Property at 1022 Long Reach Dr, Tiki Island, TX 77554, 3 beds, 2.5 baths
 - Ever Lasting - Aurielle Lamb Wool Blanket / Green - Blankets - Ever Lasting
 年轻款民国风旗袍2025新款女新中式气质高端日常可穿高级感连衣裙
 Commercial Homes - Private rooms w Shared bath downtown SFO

* * *

The task
Transcribe the listing in full, line by line.

Answer section
Property at 1022 Long Reach Dr, Tiki Island, TX 77554, 3 beds, 2.5 baths
 - Ever Lasting - Aurielle Lamb Wool Blanket / Green - Blankets - Ever Lasting
 年轻款民国风旗袍2025新款女新中式气质高端日常可穿高级感连衣裙
 Commercial Homes - Private rooms w Shared bath downtown SFO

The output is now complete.